CONVENÇÃO COLETIVA DE TRABALHO 2004-2005

Pelo presente instrumento de Convenção Coletiva de Trabalho que entre si celebram, de um lado a Federação dos Trabalhadores na Agricultura do Estado do Espírito Santo - FETAES, entidade sindical de segundo grau, inscrita no CNPJ sob n.º 28.152.825/0001-40, com sede situada à Rua São João, n.º 216, Vila Rubim, Vitória-ES, neste ato representado pelo seu presidente Sr. Paulo de Tarso Caralo e o secretário de Assalariados Sr. Creuzimar Ribeiro da Silva e do outro lado a Federação da Agricultura do Estado do Espírito Santo - FAES, inscrita no CNPJ sob o n.º 28.166.130/0001-18, com sede situada na Av. Nossa Senhora da Penha, n.º 1495, Ed. Corporate Center, Bloco A, 10º andar, Santa Lúcia, Vitória-ES, representada neste ato pelo seu presidente Sr.

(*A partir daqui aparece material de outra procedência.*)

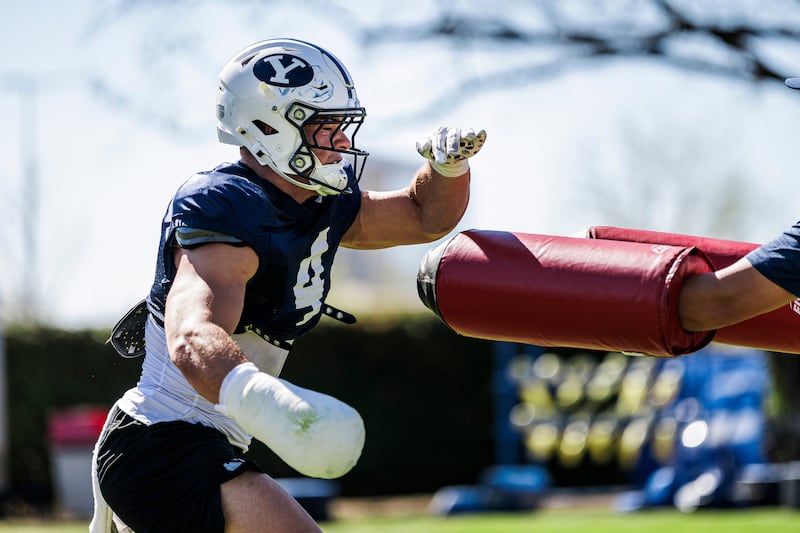 BYU linebacker Cade Uluave goes through drills during spring camp in Provo March. 25, 2026.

Nyder Barboza de Menezes, celebram a presente, mediante as cláusulas e condições seguintes:

Cláusula Primeira - A presente Convenção Coletiva de Trabalho, abrange todos os trabalhadores rurais ligados à atividade fim da empresa ou empregadores rurais da base territorial das federações convenentes, principalmente àqueles inorganizados em sindicatos.

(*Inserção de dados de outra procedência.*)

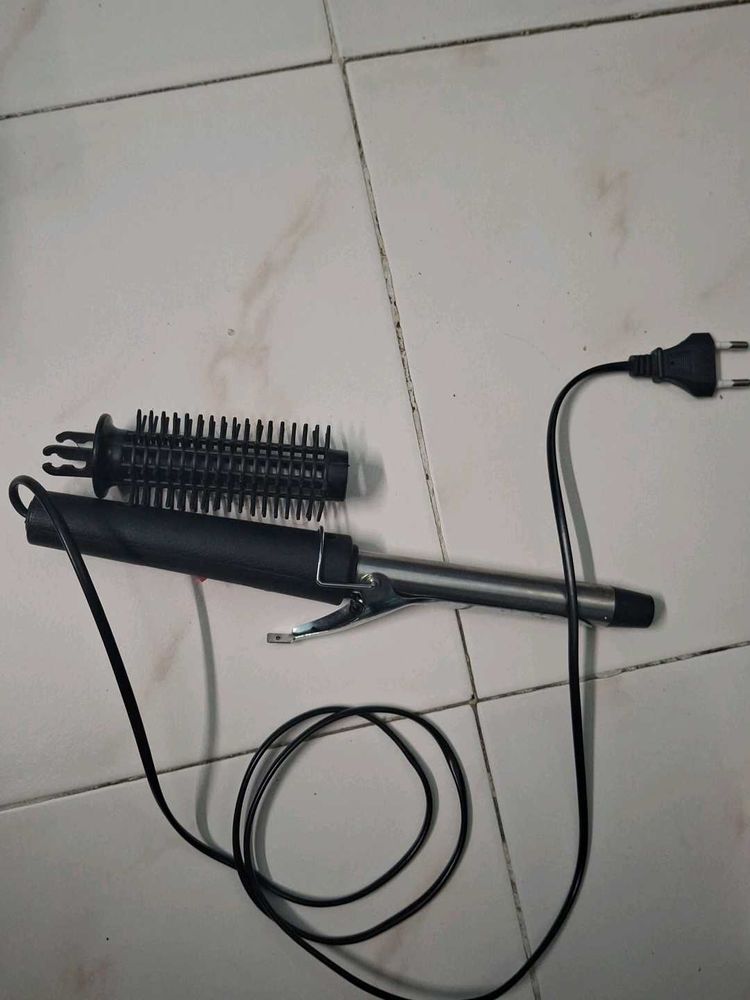 Curling Iron with Brush Attachment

Cláusula Segunda - Esta Convenção tem por objetivo regular as relações de emprego e condições de trabalho dos Assalariados(as) Rurais em âmbito estadual.

Cláusula Terceira - Os empregadores poderão celebrar acordos coletivos de trabalho com os sindicatos dos seus respectivos municípios, respeitando as cláusulas contidas nesta convenção.
Parágrafo único - Na celebração dos acordos coletivos de trabalho, estes serão celebrados com a assistência do Sindicato dos Trabalhadores Rurais e/ou Federação dos Trabalhadores - FETAES, ficando arquivada cópia dos mesmos no referido órgão e na DRT (Delegacia Regional do Trabalho).

Cláusula Quarta - Os empregadores somente utilizarão "empreiteiros" ou "intermediários" na contratação de mão-de-obra, se estes tiverem estrutura jurídica e econômica comprovada, caso não tenham, esta deverá ser efetuada pelo próprio empregador, sob pena de os tomadores de serviço ficarem com todas responsabilidades trabalhistas e previdenciárias perante os empregados das empresas contratadas (Enunciado 331 do TST).

Cláusula Quinta - Os empregadores na contratação de empregados, darão preferência aos trabalhadores do município, sede do imóvel ou empresa rural, salvo nos serviços que exijam mão de obra especializada.

Cláusula Sexta - O Piso salarial da categoria dos trabalhadores rurais braçais, abrangidos por esta convenção, será de R$ 265,00 (duzentos sessenta e cinco reais), podendo ser acordado valores maiores conforme acordos e convenções coletivas de trabalho firmados em cada município.
§ 1º - O piso salarial para as demais funções abrangidas pela categoria dos trabalhadores rurais conforme estipulado na cláusula primeira, obedecerão aos acordos e convenções coletivas firmados em cada município.
§ 2º - O piso salarial constante da cláusula sexta será revisto no mês em que entrar em vigor o novo salário mínimo.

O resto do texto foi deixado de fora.